Material provided:
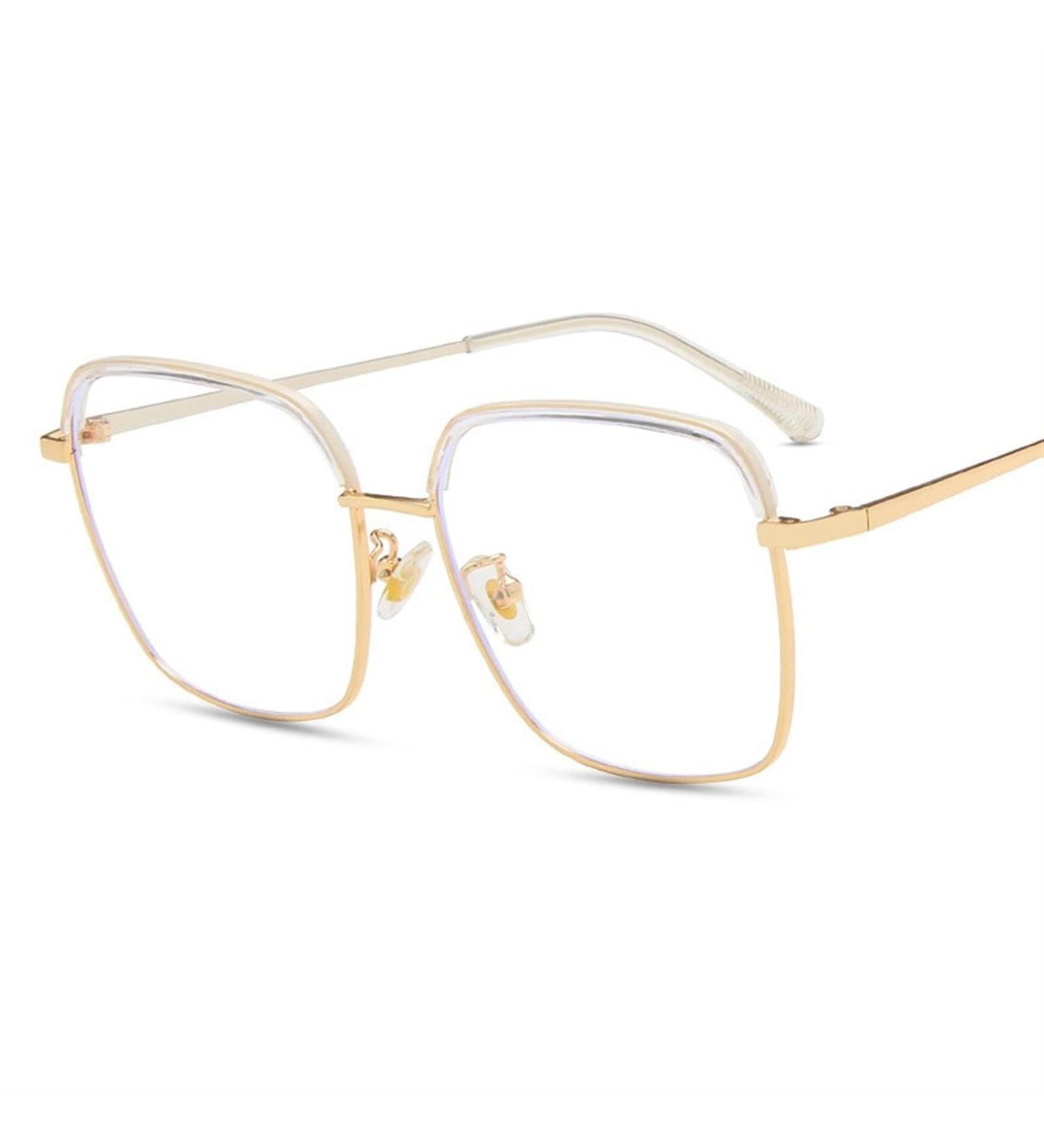 Buy Half Frame Blue Light Blocking Reading Glasses +2.0 - Stylish Decorative Goggles for Men & Women in Gold - Buy Online on GoSupps.com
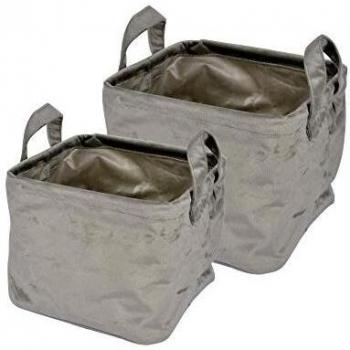 Panières Carrées Velours, Taille 20 cm – Duo Kaki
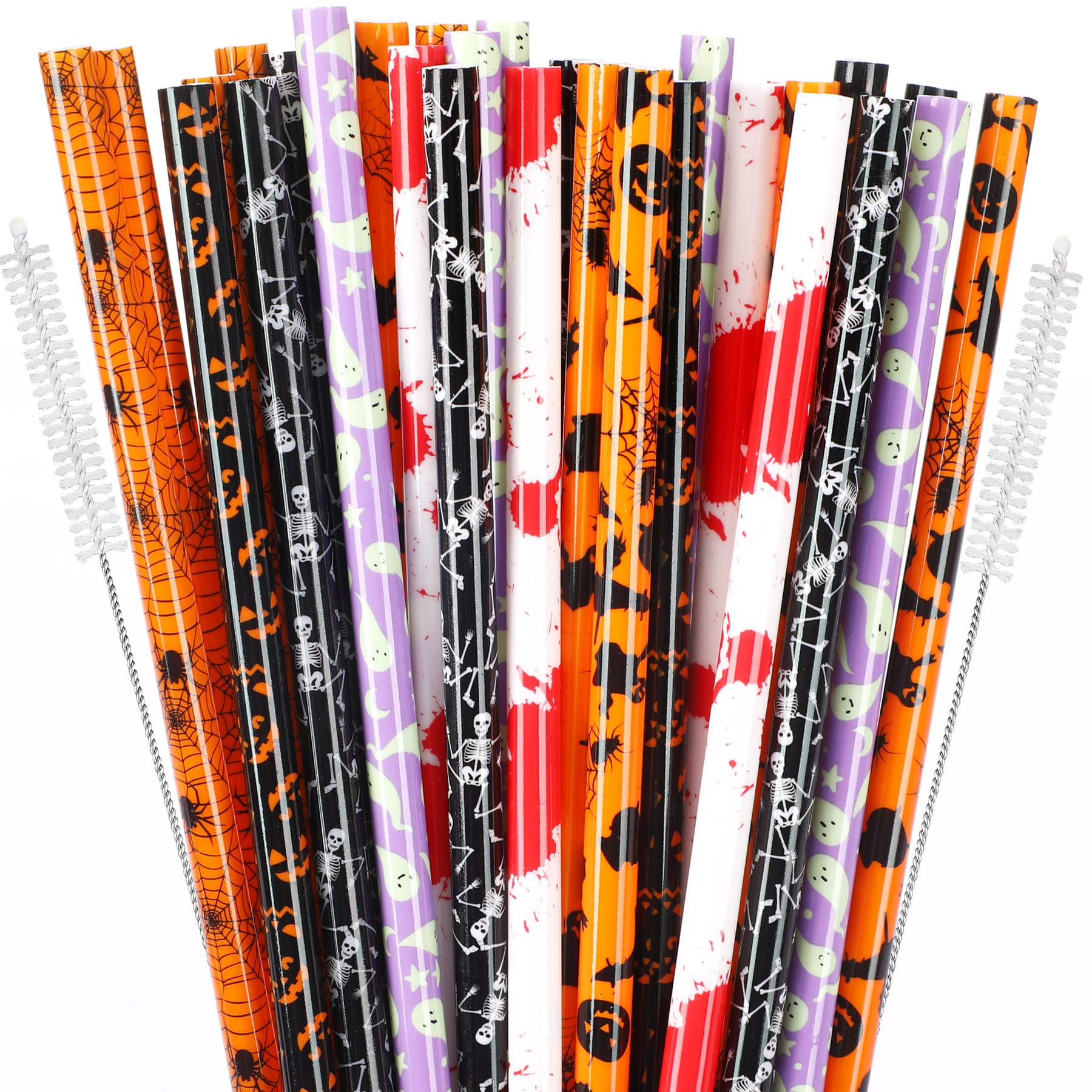 Janyun 30 Pcs Halloween Reusable Straws 9Inch Pumpkin Bat Skeleton Spider Printing Hard Plastic Drinking Straw For Mason Jar Tum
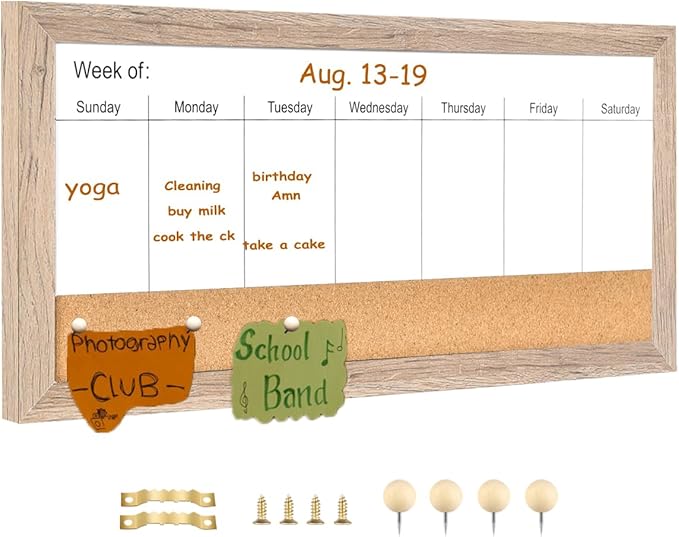 Magnetic Weekly Dry Erase White Board and Cork Board,Rustic Brown Wood Frame，Magnetic Surface Whiteboard for Home Office and Wall Decor(ZHZL-2040QZ)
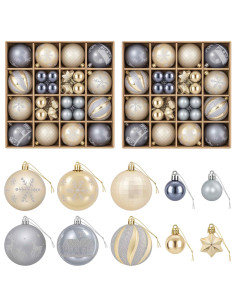 Set di Palline di Natale 88 pz Oro e grigio Ø 6 cm Plastica 2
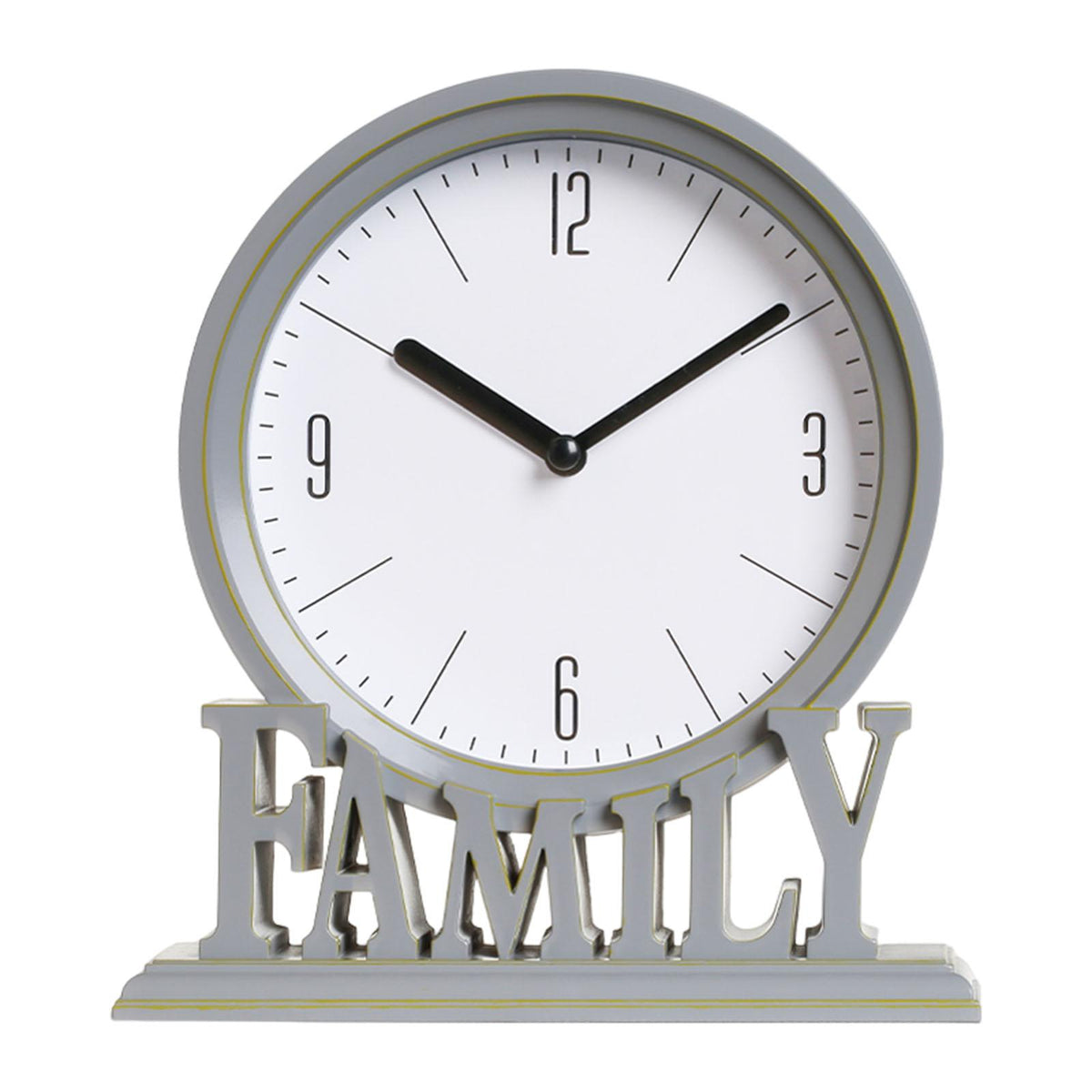 Maxbell Maxbell Desk Clock Non Ticking Battery Operated Loft Family Decorative Office Shelf Gray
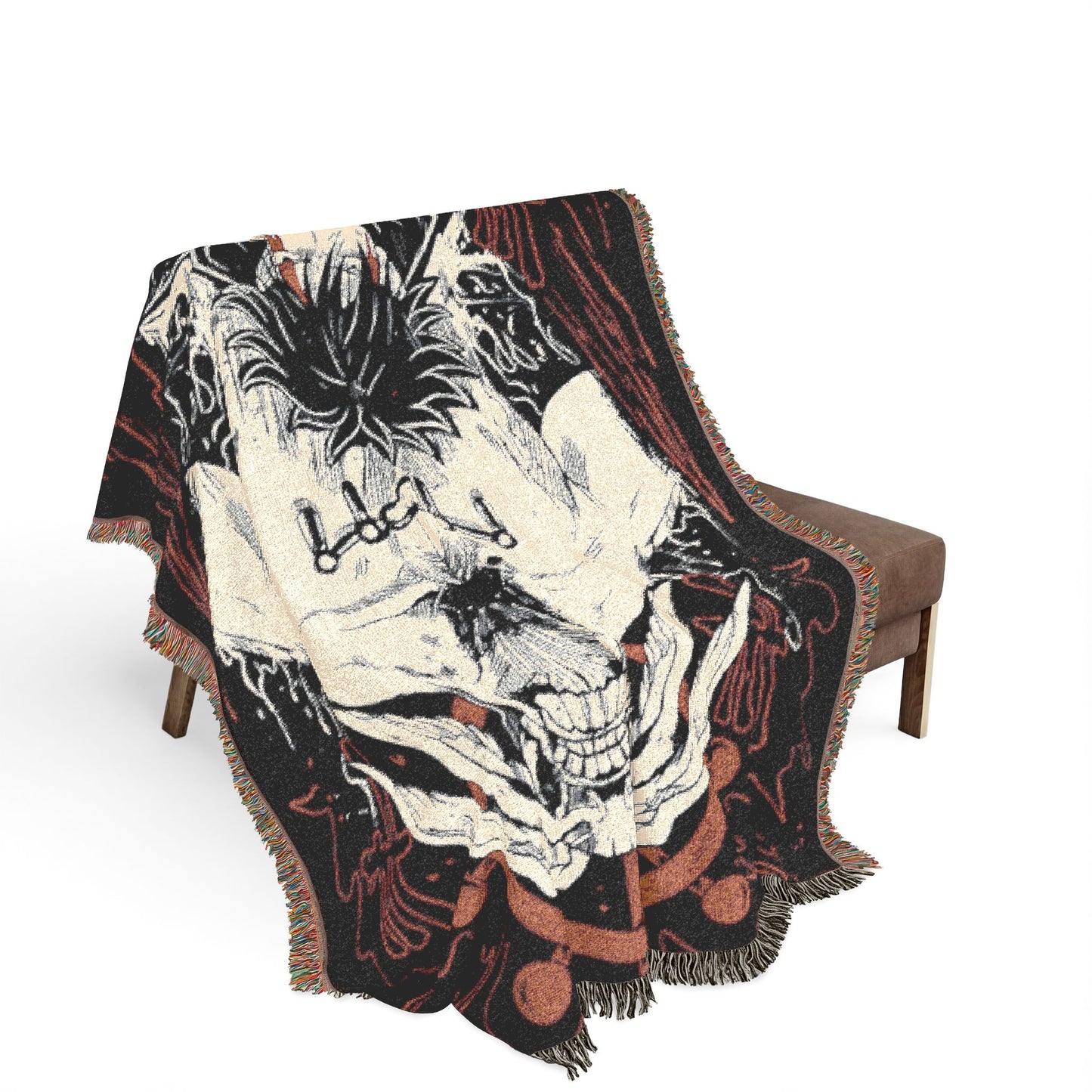 Woven Blanket — Dark Gothic Anatomical Skull Throw for Home Decor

Instructions for the task:
Output exactly the span of lines from the top of the listing through the line holding "Maxbell Maxbell Desk", and leave every picture out.

Exercise solution:
 Buy Half Frame Blue Light Blocking Reading Glasses +2.0 - Stylish Decorative Goggles for Men & Women in Gold - Buy Online on GoSupps.com
 Panières Carrées Velours, Taille 20 cm – Duo Kaki
 Janyun 30 Pcs Halloween Reusable Straws 9Inch Pumpkin Bat Skeleton Spider Printing Hard Plastic Drinking Straw For Mason Jar Tum
 Magnetic Weekly Dry Erase White Board and Cork Board,Rustic Brown Wood Frame，Magnetic Surface Whiteboard for Home Office and Wall Decor(ZHZL-2040QZ)
 Set di Palline di Natale 88 pz Oro e grigio Ø 6 cm Plastica 2
 Maxbell Maxbell Desk Clock Non Ticking Battery Operated Loft Family Decorative Office Shelf Gray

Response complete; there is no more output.